YouTube and Facebook accounts are being hit by dangerous new malware



A new malware has been discovered hijacking people’s social media accounts, stealing their saved login credentials, and using their devices to mine cryptocurrencies, experts have warned.

Researchers from Bitdefender’s Advanced Threat Control Team (ATC) found a new strain they named S1deload Stealer that tries to avoid being detected by antivirus programs through heavy use of DLL sideloading.

In the second half of last year, the hackers behind the campaign managed to infect hundreds of endpoints (opens in new tab) with this new infostealer:

Hundreds of infected devices

“Between July and December 2022, Bitdefender products detected more than 600 unique users infected with this malware,” Bitdefender researcher Dávid Ács noted.

To infect the devices, the victims need to download and run the malware themselves. The attackers created multiple archives (.zip files) allegedly holding adult content. Those that download and run that content won’t get what they came for, but will instead get the infostealer, capable of doing a couple of things: 

First, it can download and run a headless Chrome browser that runs in the background and opens different YouTube videos and Facebook posts to rake up views. It can download and run an infostealer that decrypts and exfiltrates login credentials saved in browsers, as well as session cookies. 

If it stumbles upon a Facebook account, it will try and analyze it, to see if it administrates any Facebook pages or groups, if it pays for ads on the platform, or if it’s linked to a business manager account. Obviously, all these things would make that account more valuable. 

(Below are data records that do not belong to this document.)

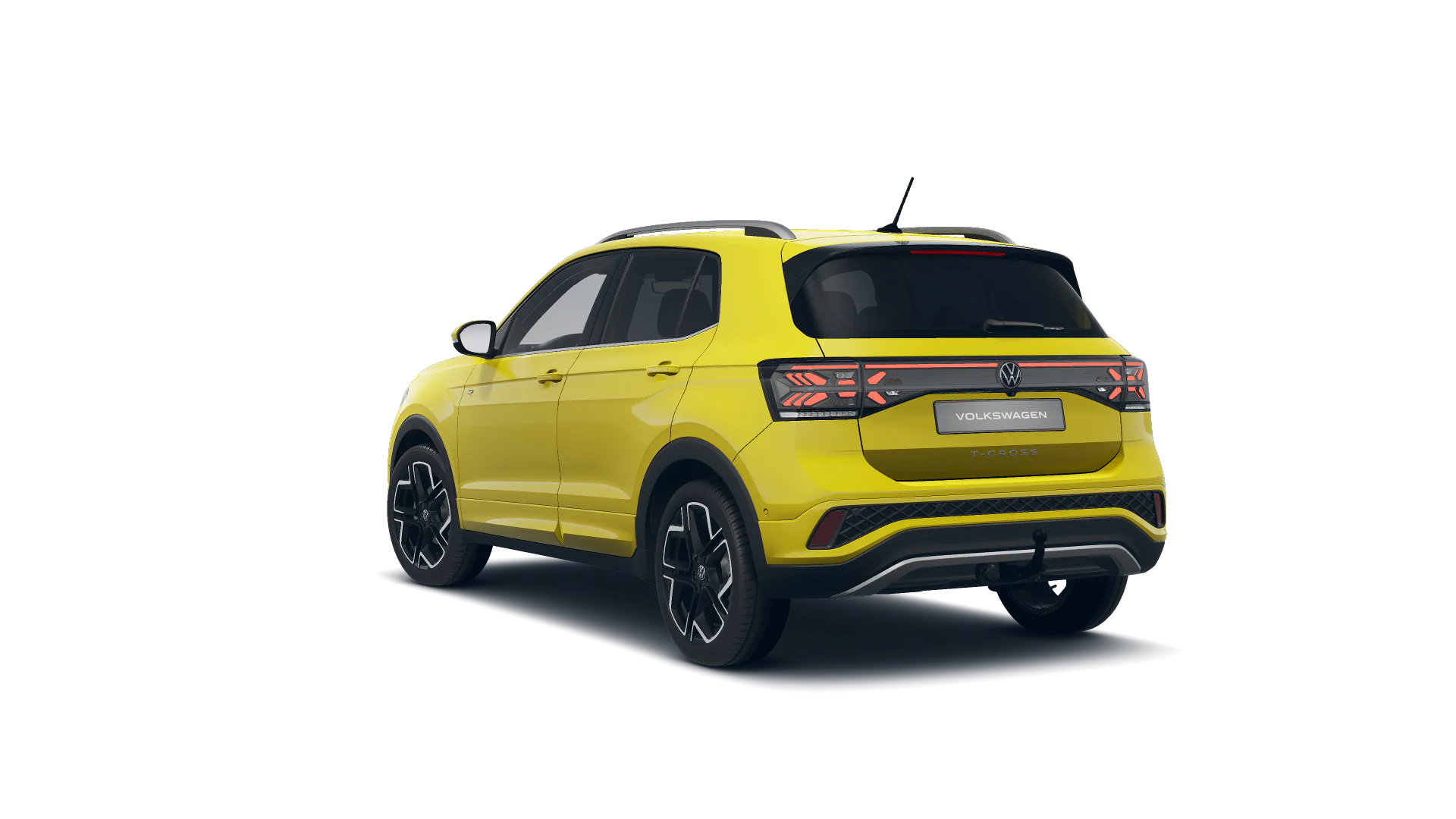 Volkswagen T-Cross R-Line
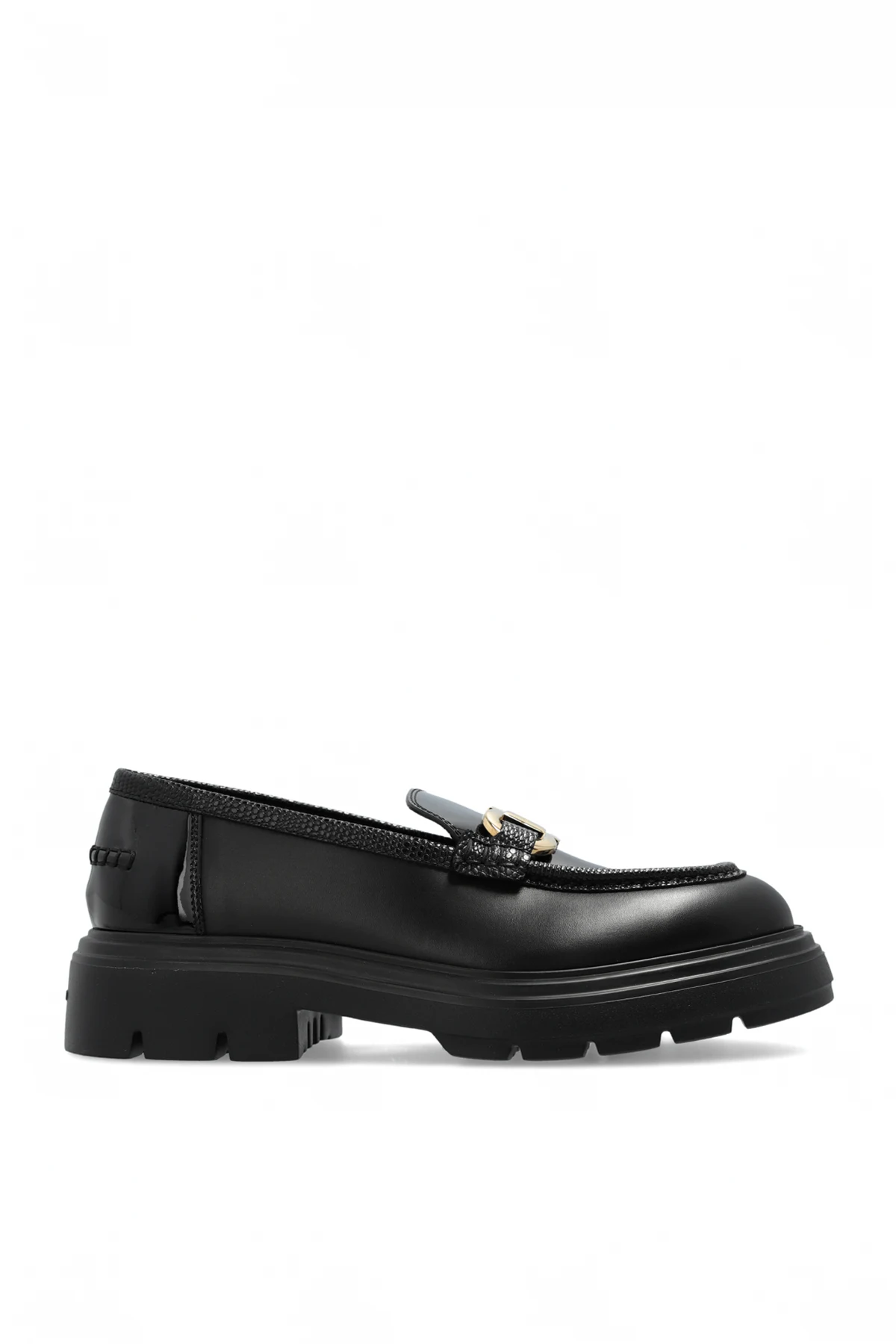 Buty `Brooke` typu `loafers`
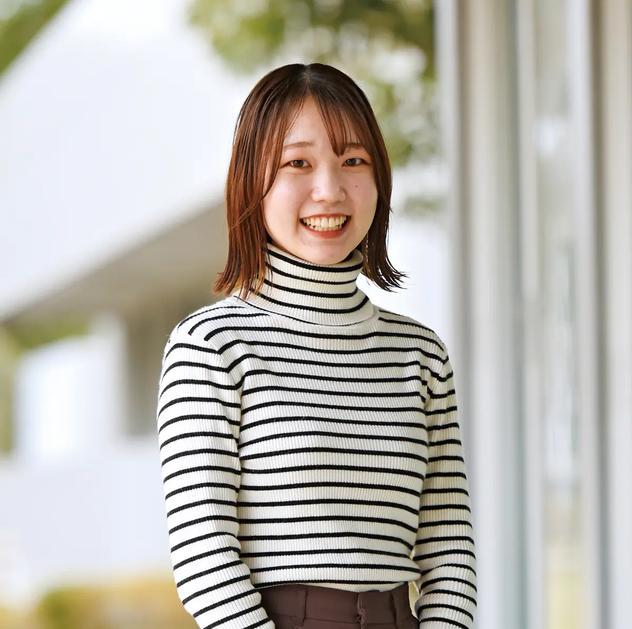 福岡法務局(国家公務員) 2022年度卒業(長崎県 佐世保南高等学校出身)下野 美空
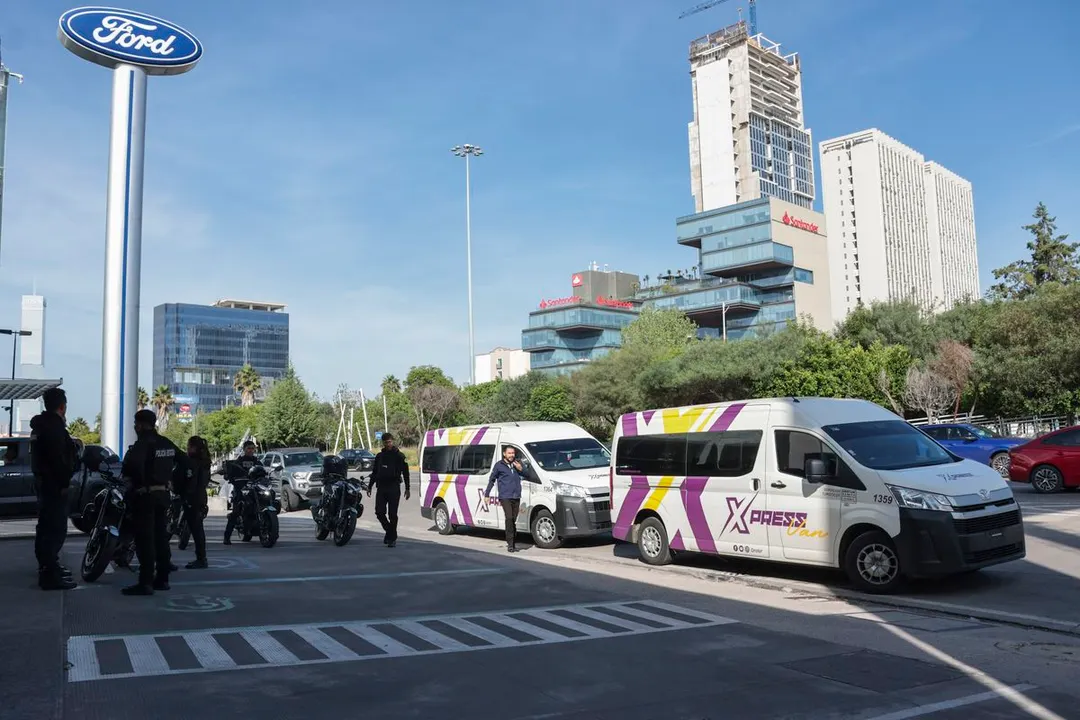 Smt Operativo Movilidad Vans Atlixco Via Atlixcayotl
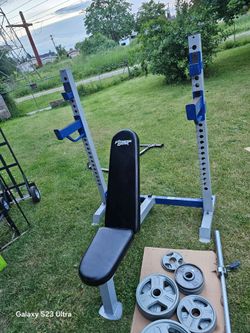 Gym Equipment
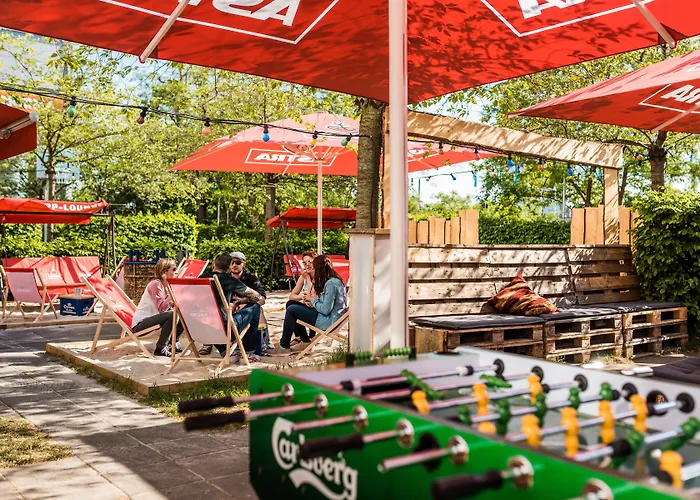 Albergue Generator Berlin Prenzlauer Berg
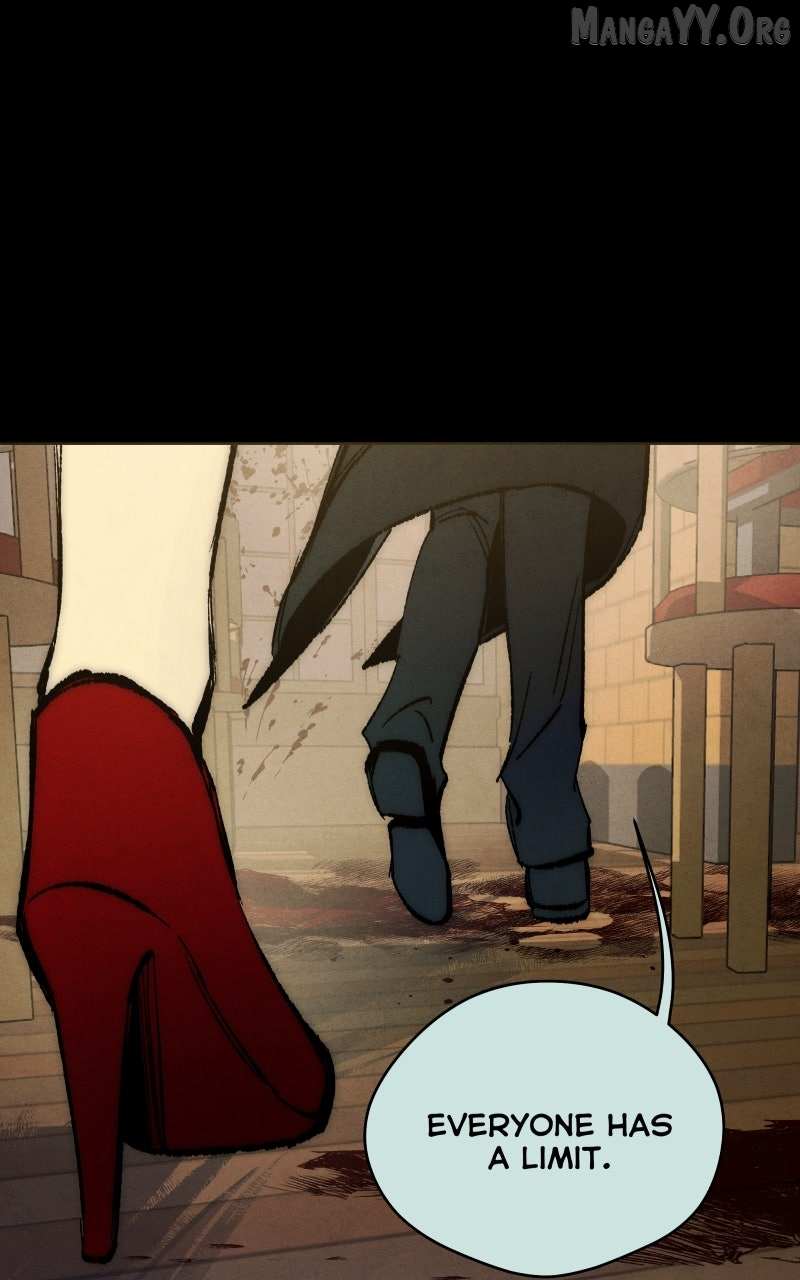 Hand Jumper Chapter 117 page 84 - 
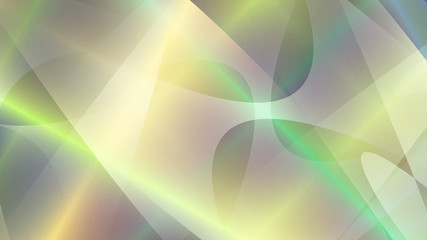 Illustration of texture with free shape and light intersection.
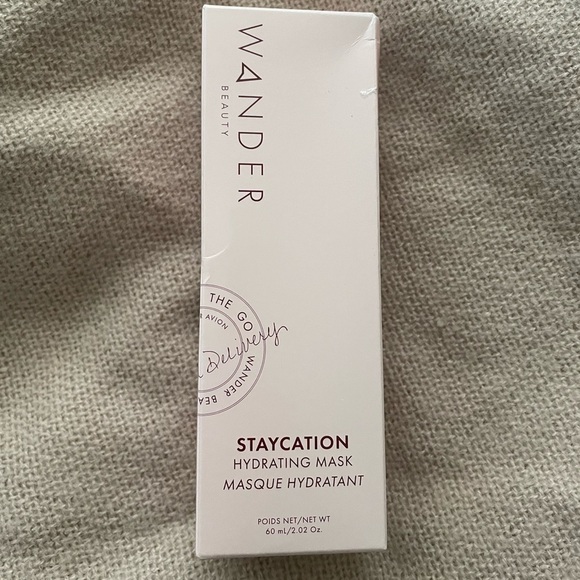 Other - Wonder beauty staycation face mask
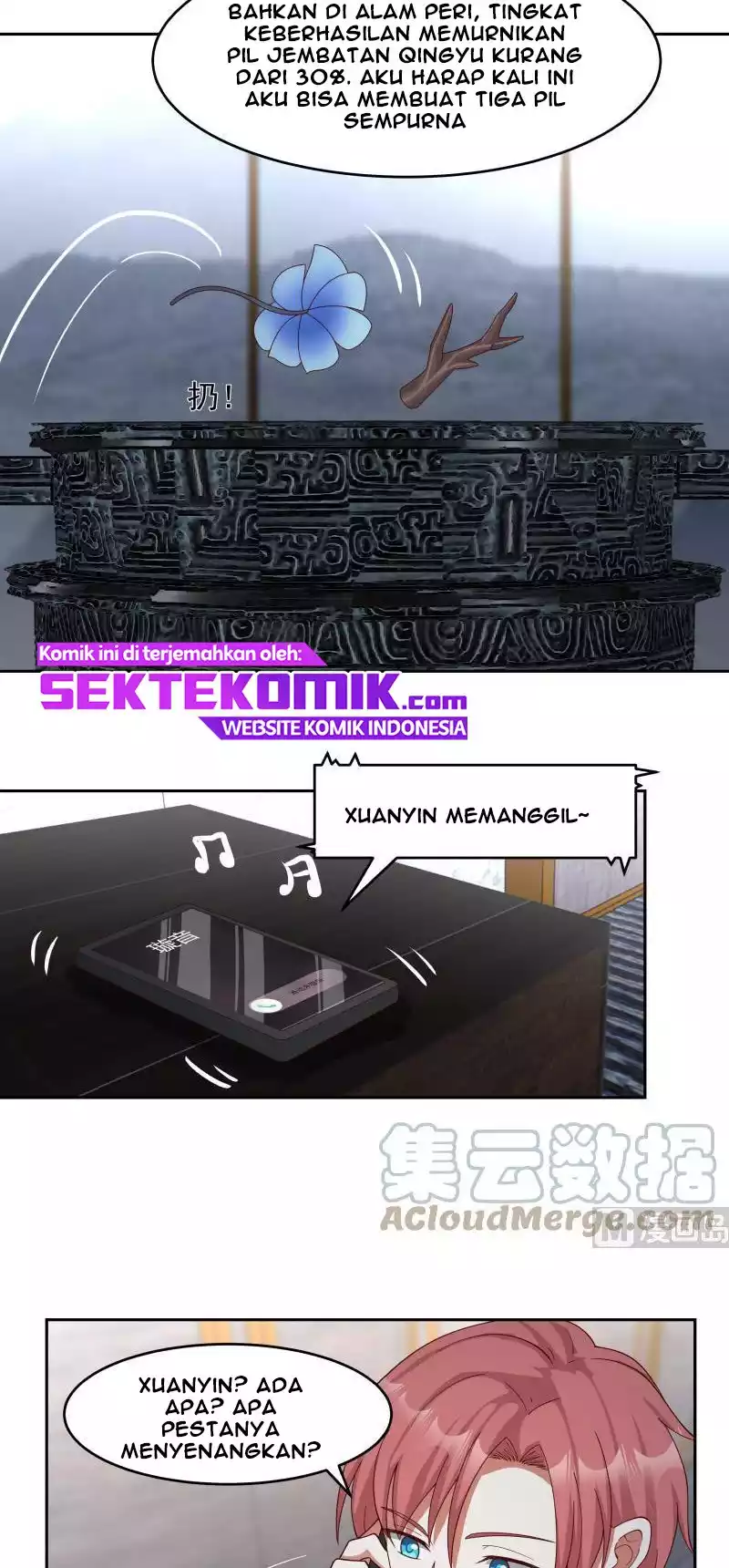 I Have a Dragon on My Body Chapter 469 Gambar 4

Finally, it can download, install, and run, a cryptocurrency miner, mining the BEAM cryptocurrency for the attackers. BEAM describes itself as a “confidential cryptocurrency and DeFi platform.”

“The stealer component we observed in the wild steals the saved credentials from the victim’s browser, exfiltrating them to the malware author’s server,” Ács said. “The malware author uses the newly obtained credentials to spam on social media and infect more machines, creating a feedback loop.”